Task brief
For this exercise, retype the lines from the one that holds "This Kid Loves" through the one that holds "Caneca Personalizada Dia" in the records below, both included, exactly and without pictures.
═══ Exercise materials
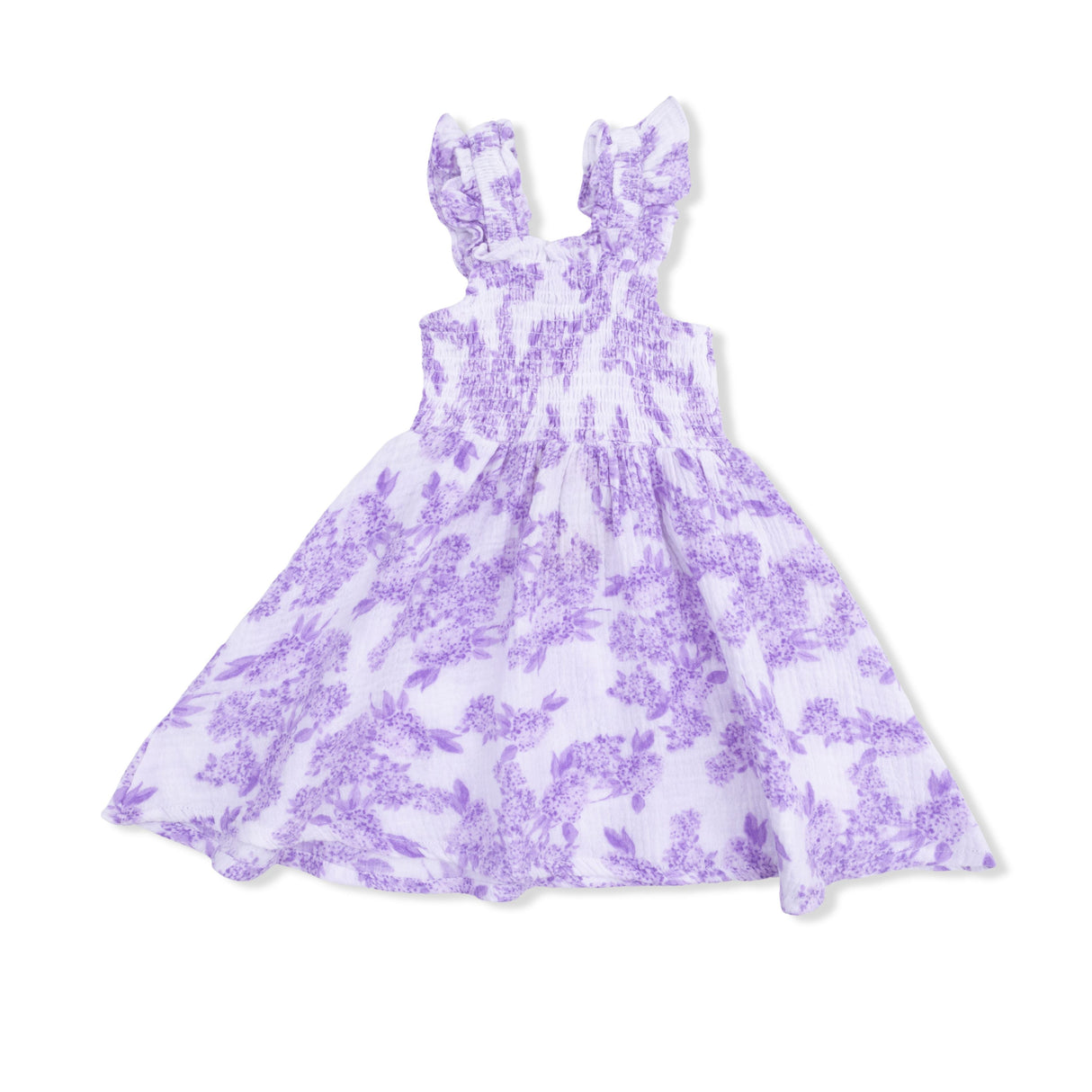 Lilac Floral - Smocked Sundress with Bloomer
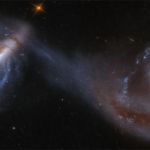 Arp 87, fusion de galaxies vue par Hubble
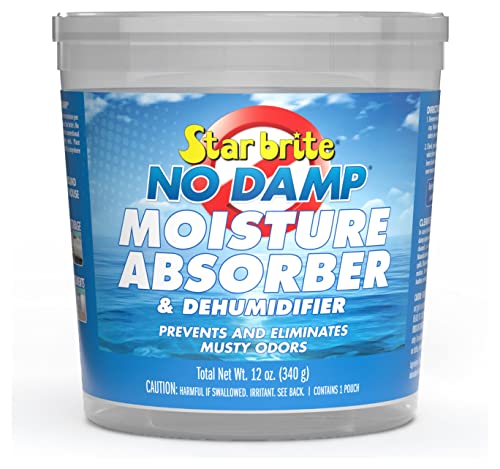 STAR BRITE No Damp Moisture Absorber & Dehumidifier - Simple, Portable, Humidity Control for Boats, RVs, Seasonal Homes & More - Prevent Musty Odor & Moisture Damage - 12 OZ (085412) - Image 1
══════
═══ Exercise materials
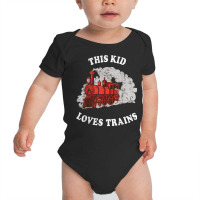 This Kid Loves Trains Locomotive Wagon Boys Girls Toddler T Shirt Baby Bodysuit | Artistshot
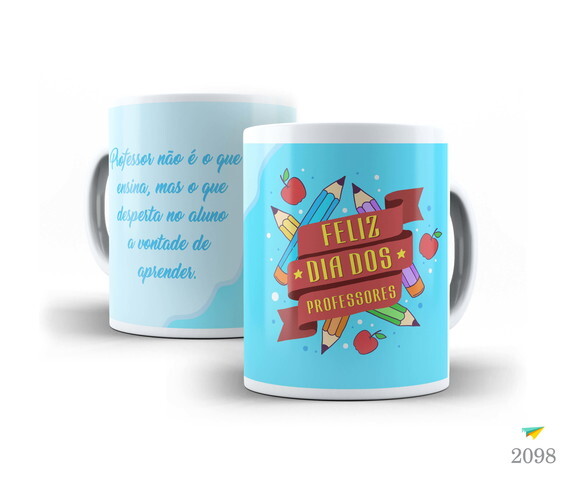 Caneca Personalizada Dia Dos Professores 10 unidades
══════
═══ Exercise materials
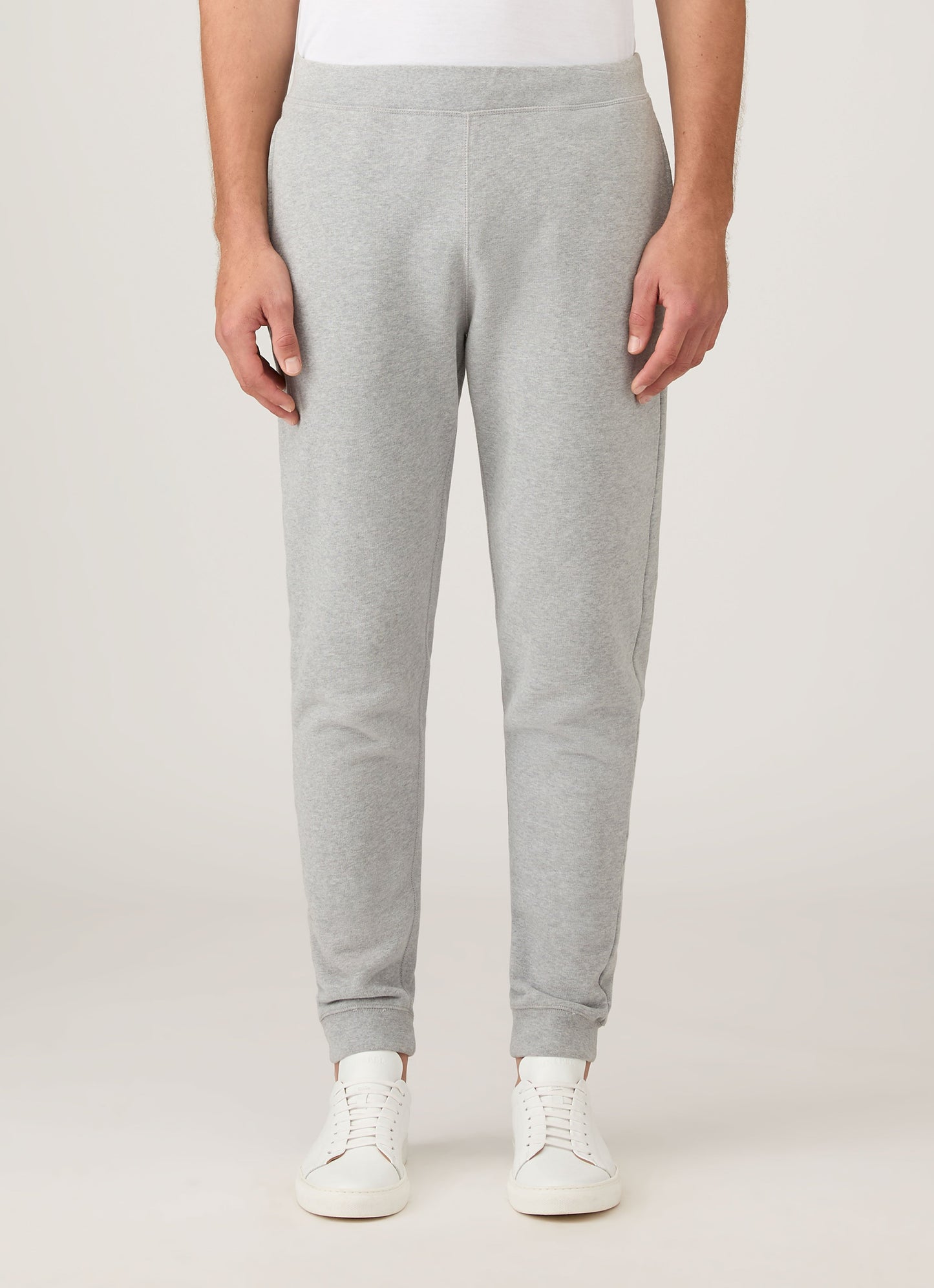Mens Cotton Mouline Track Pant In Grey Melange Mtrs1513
══════
Written reply
 This Kid Loves Trains Locomotive Wagon Boys Girls Toddler T Shirt Baby Bodysuit | Artistshot
 Caneca Personalizada Dia Dos Professores 10 unidades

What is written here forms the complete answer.